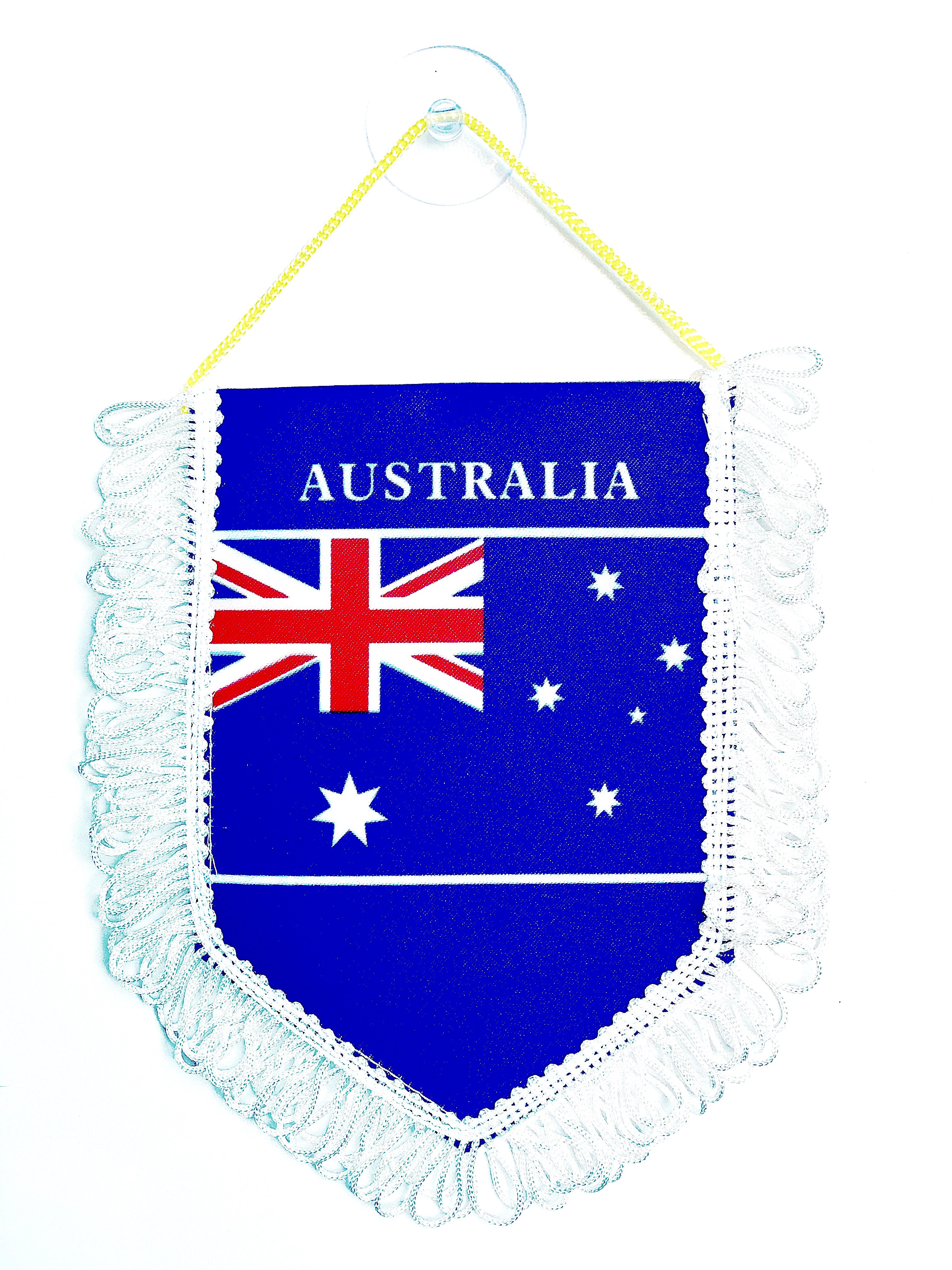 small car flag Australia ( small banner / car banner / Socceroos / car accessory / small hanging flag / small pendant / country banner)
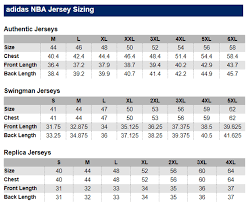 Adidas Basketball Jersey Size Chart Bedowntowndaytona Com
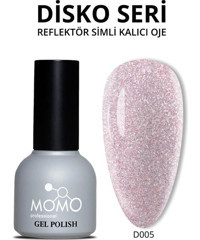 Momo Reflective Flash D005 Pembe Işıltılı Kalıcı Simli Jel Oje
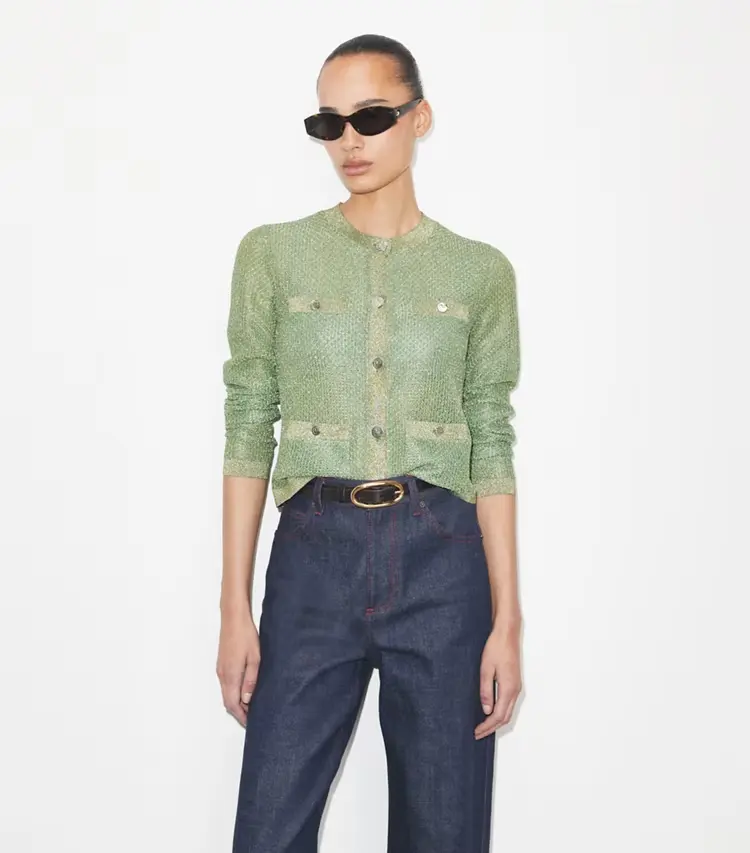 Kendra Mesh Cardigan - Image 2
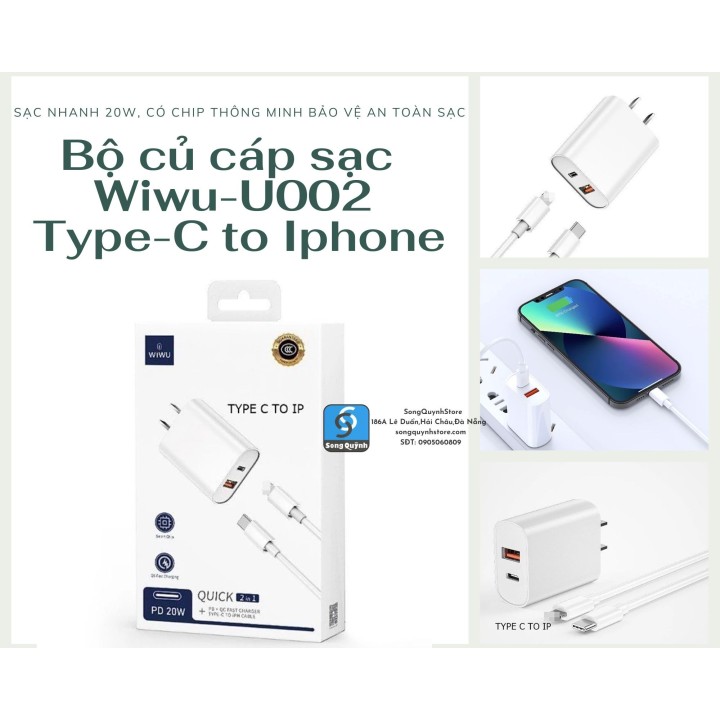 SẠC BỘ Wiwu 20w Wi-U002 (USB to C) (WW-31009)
==
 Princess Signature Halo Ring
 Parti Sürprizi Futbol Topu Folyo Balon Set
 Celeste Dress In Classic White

WHAT TO PRODUCE
In the listing above, find the line containing "Adidas Basketball Jersey" and the line containing "SẠC BỘ Wiwu". Print those two lines and every line between them exactly, with no pictures.

RESPONSE
 Adidas Basketball Jersey Size Chart Bedowntowndaytona Com
 Momo Reflective Flash D005 Pembe Işıltılı Kalıcı Simli Jel Oje
 Kendra Mesh Cardigan - Image 2
 SẠC BỘ Wiwu 20w Wi-U002 (USB to C) (WW-31009)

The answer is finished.